Source data

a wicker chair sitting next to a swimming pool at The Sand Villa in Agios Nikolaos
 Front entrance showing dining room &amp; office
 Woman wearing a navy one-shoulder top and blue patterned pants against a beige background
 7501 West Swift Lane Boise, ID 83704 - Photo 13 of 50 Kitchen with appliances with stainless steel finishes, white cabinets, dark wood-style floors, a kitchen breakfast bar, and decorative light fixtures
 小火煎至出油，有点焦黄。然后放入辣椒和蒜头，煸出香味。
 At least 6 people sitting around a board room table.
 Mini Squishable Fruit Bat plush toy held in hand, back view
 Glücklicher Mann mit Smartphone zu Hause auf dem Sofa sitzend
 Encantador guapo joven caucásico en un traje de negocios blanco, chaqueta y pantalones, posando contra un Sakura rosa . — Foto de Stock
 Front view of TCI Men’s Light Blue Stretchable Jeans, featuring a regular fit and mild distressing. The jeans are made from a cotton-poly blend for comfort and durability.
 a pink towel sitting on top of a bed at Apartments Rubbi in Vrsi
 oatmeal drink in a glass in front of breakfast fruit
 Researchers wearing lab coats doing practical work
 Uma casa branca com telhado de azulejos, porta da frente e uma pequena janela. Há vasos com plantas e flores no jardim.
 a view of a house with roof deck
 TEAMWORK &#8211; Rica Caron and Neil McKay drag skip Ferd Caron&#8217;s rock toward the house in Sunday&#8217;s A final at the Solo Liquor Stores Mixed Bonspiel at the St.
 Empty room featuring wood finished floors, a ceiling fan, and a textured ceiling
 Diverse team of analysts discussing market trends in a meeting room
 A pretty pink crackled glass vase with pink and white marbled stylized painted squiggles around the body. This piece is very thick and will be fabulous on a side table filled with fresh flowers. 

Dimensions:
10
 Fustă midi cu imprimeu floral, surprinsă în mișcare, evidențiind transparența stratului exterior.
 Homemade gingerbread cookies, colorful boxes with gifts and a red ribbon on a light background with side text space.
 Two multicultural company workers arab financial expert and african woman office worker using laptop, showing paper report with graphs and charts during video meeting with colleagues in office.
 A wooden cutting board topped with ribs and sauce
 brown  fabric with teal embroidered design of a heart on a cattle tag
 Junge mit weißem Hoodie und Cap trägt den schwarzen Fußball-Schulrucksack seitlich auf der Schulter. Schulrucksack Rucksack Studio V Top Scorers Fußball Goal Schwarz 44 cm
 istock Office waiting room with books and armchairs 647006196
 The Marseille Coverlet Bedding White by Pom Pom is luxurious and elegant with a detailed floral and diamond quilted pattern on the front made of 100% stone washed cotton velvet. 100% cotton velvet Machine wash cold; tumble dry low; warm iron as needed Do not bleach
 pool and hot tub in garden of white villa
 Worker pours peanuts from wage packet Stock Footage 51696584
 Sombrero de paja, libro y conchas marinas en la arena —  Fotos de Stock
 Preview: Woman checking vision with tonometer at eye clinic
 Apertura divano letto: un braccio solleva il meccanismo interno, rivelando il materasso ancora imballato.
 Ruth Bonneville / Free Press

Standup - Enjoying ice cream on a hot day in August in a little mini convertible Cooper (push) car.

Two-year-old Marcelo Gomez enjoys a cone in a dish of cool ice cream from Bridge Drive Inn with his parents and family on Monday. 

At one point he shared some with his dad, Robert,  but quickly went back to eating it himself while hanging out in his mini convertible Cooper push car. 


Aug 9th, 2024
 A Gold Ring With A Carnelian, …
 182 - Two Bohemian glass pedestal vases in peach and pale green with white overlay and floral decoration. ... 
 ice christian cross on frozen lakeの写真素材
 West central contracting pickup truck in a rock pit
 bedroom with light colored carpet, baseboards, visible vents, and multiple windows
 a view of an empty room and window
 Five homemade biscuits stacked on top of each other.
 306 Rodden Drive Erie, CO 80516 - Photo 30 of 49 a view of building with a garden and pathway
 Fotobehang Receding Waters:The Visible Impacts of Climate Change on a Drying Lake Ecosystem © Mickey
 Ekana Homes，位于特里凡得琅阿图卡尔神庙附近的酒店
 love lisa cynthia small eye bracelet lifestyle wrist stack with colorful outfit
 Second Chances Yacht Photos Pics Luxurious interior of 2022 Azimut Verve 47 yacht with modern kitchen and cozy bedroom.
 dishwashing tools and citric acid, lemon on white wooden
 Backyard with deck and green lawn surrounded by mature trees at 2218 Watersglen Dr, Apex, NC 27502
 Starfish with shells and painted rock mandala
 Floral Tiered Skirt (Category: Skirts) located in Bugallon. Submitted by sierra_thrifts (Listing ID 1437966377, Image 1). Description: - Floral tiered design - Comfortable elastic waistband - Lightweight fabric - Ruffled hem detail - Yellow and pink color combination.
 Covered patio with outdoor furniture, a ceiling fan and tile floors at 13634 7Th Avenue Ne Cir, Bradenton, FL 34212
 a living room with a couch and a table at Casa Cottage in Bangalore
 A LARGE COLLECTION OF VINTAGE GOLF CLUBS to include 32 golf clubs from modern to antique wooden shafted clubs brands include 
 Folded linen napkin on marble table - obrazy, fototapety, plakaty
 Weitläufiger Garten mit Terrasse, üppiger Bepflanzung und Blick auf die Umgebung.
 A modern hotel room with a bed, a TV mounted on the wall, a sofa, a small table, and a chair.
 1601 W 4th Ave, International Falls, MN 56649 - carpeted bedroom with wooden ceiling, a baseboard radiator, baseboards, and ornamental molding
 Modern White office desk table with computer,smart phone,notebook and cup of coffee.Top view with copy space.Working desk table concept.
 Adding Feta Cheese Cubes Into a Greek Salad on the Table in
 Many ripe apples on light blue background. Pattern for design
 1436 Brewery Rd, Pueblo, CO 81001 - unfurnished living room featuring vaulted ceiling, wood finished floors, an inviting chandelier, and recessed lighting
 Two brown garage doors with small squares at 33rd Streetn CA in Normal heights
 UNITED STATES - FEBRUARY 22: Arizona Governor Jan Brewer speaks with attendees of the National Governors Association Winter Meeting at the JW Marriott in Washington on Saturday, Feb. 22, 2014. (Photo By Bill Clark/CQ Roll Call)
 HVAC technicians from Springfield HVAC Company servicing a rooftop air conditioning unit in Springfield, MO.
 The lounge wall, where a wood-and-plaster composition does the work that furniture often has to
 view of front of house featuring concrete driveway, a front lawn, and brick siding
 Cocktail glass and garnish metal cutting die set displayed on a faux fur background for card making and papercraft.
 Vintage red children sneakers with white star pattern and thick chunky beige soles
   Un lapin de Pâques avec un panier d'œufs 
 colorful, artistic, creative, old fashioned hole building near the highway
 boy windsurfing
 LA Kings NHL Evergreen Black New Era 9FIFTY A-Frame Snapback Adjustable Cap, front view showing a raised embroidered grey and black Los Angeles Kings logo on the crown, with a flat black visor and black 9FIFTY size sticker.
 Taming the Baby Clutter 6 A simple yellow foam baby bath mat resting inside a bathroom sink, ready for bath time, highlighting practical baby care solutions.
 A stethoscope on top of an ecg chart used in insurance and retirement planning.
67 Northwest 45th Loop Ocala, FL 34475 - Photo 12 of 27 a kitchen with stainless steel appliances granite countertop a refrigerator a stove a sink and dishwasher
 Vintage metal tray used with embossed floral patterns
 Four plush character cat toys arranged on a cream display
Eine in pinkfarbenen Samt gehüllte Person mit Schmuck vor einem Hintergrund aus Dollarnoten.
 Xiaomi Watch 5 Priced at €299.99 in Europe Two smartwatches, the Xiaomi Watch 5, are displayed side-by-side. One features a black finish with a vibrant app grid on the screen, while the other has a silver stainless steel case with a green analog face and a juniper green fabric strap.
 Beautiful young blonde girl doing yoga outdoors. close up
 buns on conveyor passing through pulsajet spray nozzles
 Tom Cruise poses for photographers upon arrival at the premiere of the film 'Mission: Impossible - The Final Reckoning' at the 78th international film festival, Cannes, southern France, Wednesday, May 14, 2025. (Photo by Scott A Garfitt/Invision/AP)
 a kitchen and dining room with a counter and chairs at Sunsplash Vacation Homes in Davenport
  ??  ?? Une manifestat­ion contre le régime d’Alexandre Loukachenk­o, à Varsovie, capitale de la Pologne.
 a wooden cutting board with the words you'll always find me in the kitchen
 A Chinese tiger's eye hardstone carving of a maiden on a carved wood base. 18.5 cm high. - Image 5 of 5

**TO DO:** Word for word, set down the lines from the beginning of the records through the line that holds "Glücklicher Mann mit". Leave out the rest.

**SOLUTION FOR THIS PROBLEM:**
a wicker chair sitting next to a swimming pool at The Sand Villa in Agios Nikolaos
 Front entrance showing dining room &amp; office
 Woman wearing a navy one-shoulder top and blue patterned pants against a beige background
 7501 West Swift Lane Boise, ID 83704 - Photo 13 of 50 Kitchen with appliances with stainless steel finishes, white cabinets, dark wood-style floors, a kitchen breakfast bar, and decorative light fixtures
 小火煎至出油，有点焦黄。然后放入辣椒和蒜头，煸出香味。
 At least 6 people sitting around a board room table.
 Mini Squishable Fruit Bat plush toy held in hand, back view
 Glücklicher Mann mit Smartphone zu Hause auf dem Sofa sitzend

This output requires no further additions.